— Rebekah Neuman, Madison, Wis..
A Jim Lattis, director of UW Space Place at University of Wisconsin-Madison:
Anything that orbits a planet is really a moon, and moons can form in a number of ways.
By way of instance, Jupiter has four large moons called the Galilean moons. Those moons look like a tiny solar system together with Jupiter acting the part of sunlight. In the innermost to the outermost, the Galilean moons show a variation in size and makeup in a way that is similar to the planets of the solar system.
Those moons seem like they shaped along with Jupiter, with the whole system created collectively.

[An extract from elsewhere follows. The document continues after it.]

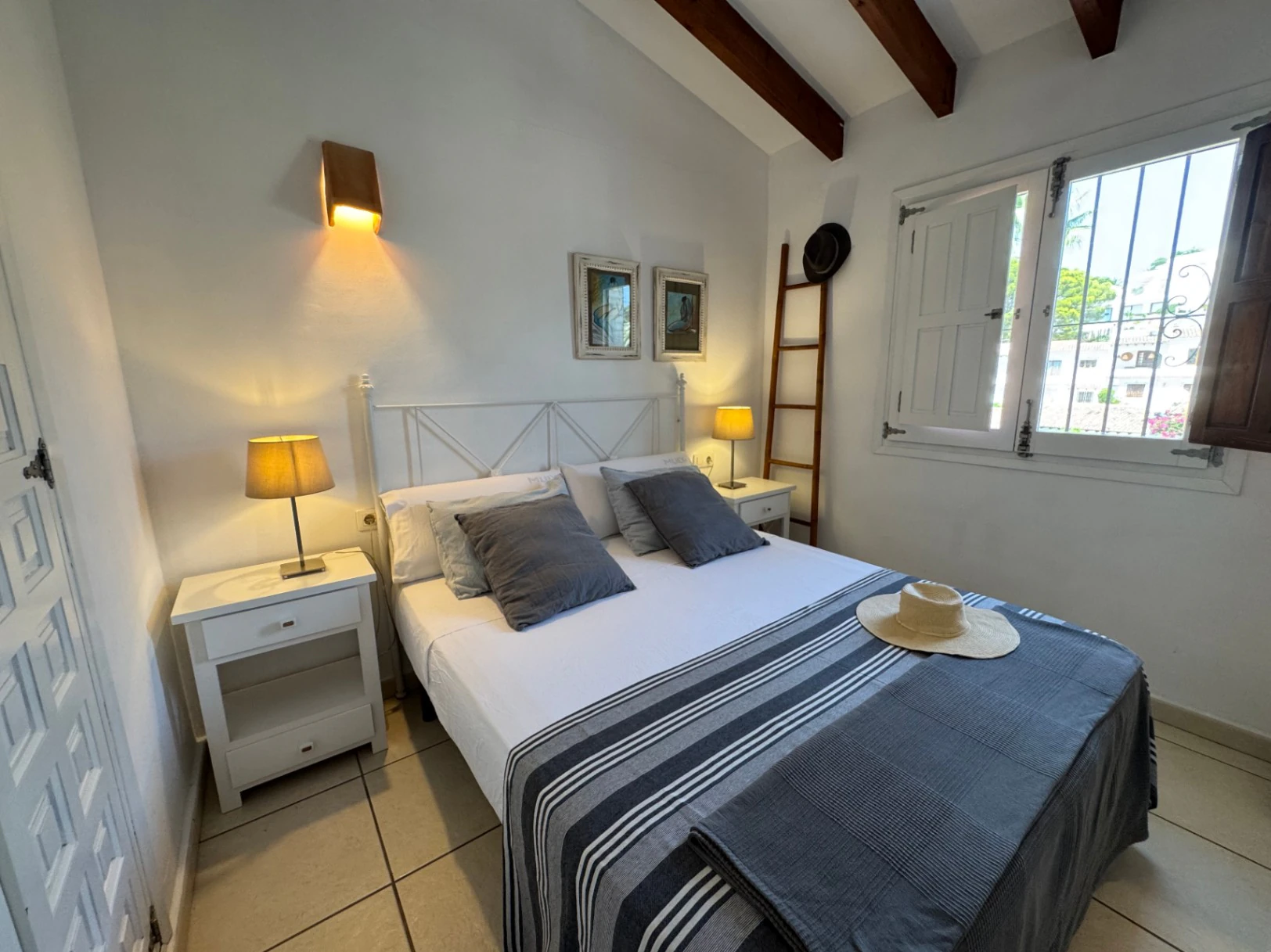 B1490 - Bungalow for sale in Moraira | Communal pool, open views, walking distance to town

Our own Earth’s moon, on the other hand, failed to form along with the Earth. The current concept, supported by proof, is that our moon caused an accident that occurred very early in the solar system.
The object that would become Earth collided with the other thing. This second object was destroyed in the collision, and the collision debris turned into our heavens.
On occasion a moon is made when a planet catches it and pulls it into its orbit. Mars’ two very small, asteroid-like moons are potentially asteroids that Mars captured from the local asteroid belt.
Titan, the largest of Saturn’s moons, is particularly intriguing. It is a really complex world with a temperature that enables fluids, including methane and other hydrocarbons, to exist in frozen, liquid and vapor form.
This is similar to what’s happening on Earth with water. We’ve got ice, liquid water and water vapor all interacting in our weather and climate system.